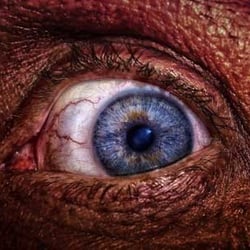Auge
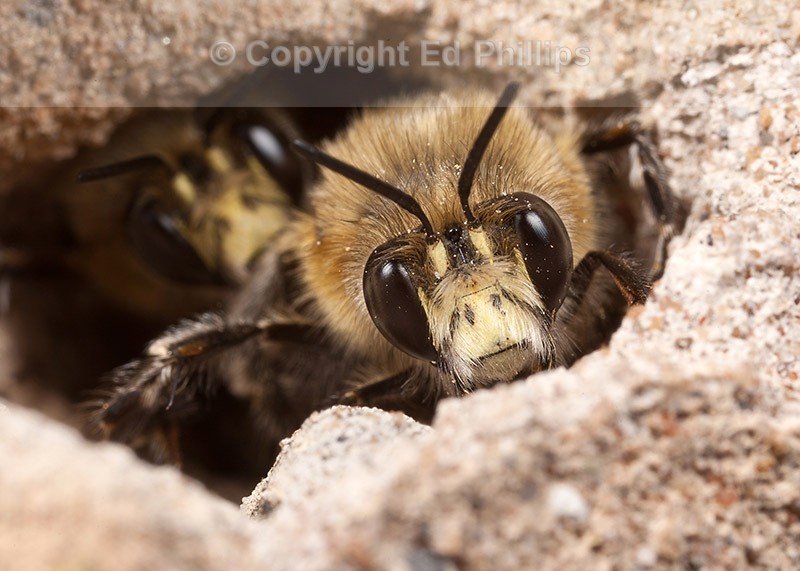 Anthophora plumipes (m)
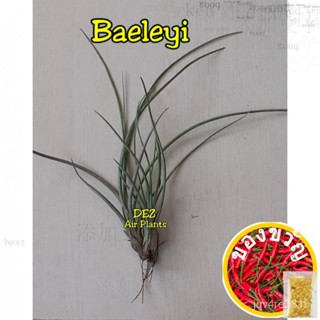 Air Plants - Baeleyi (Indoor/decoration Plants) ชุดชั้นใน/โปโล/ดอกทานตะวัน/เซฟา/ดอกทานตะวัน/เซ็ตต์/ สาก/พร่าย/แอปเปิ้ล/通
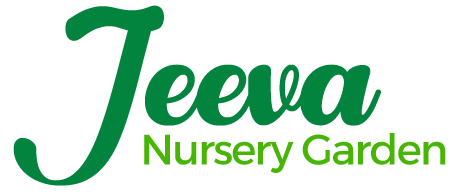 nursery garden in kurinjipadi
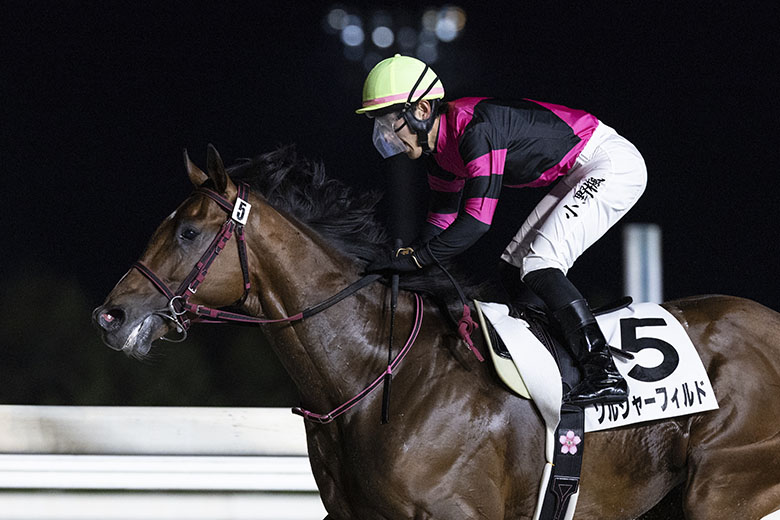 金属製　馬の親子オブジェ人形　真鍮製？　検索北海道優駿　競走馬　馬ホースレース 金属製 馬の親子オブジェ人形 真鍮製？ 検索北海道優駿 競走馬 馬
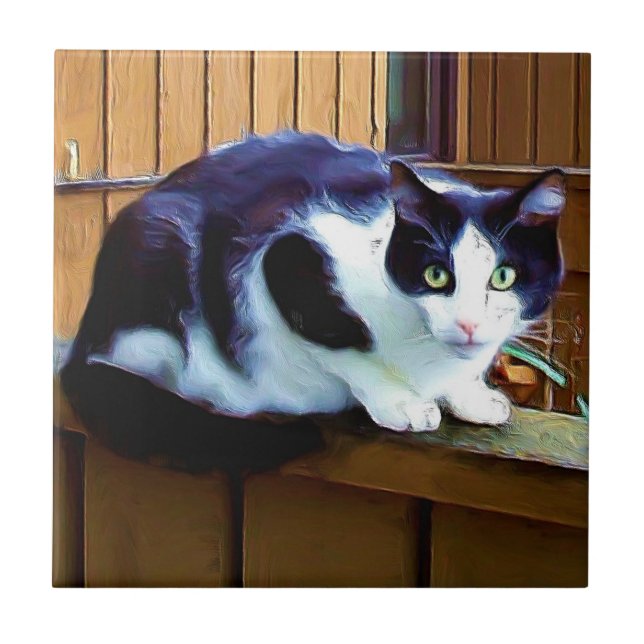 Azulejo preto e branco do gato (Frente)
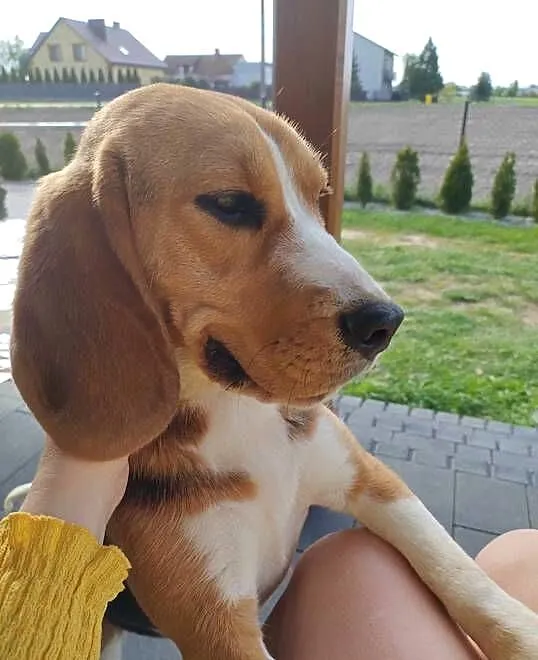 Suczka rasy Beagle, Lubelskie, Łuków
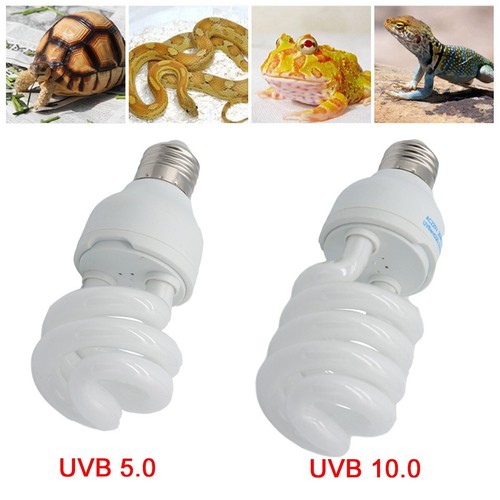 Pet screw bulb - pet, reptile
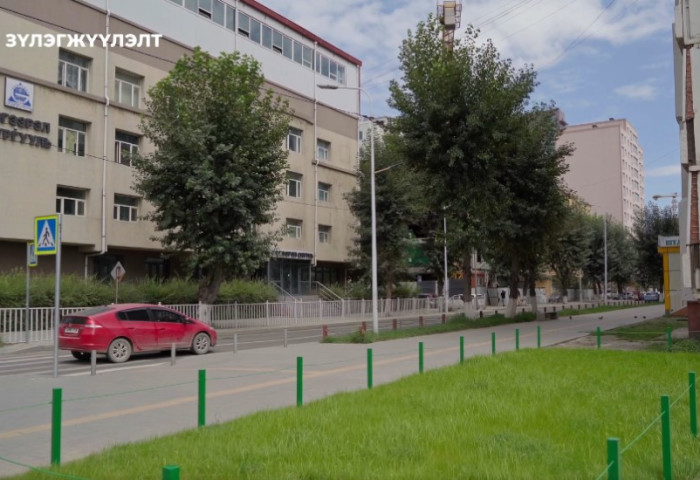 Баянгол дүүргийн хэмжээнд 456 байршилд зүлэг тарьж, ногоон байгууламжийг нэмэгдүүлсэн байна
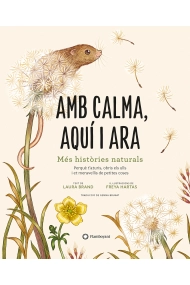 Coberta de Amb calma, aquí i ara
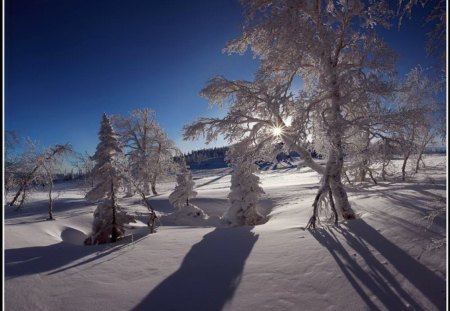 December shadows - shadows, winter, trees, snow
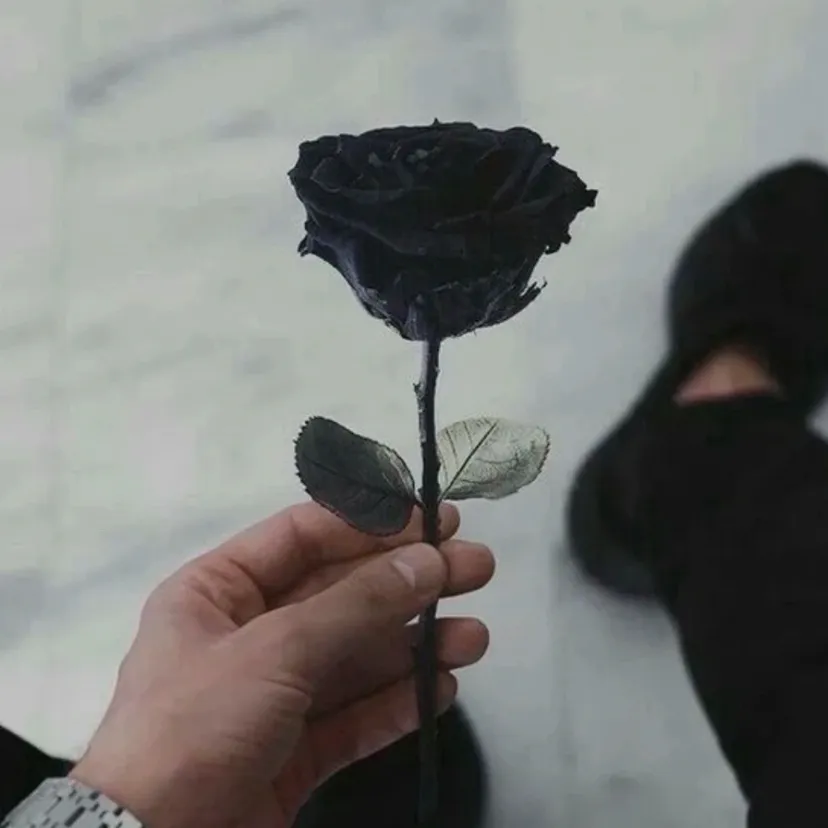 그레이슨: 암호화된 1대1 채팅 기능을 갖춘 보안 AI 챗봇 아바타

..............................

**Aim of the task**
The copy must start at the line containing "Баянгол дүүргийн хэмжээнд" and end at the last line of the data, matching each line exactly. It must hold no pictures.

**Response**
 Баянгол дүүргийн хэмжээнд 456 байршилд зүлэг тарьж, ногоон байгууламжийг нэмэгдүүлсэн байна
 Coberta de Amb calma, aquí i ara
 December shadows - shadows, winter, trees, snow
 그레이슨: 암호화된 1대1 채팅 기능을 갖춘 보안 AI 챗봇 아바타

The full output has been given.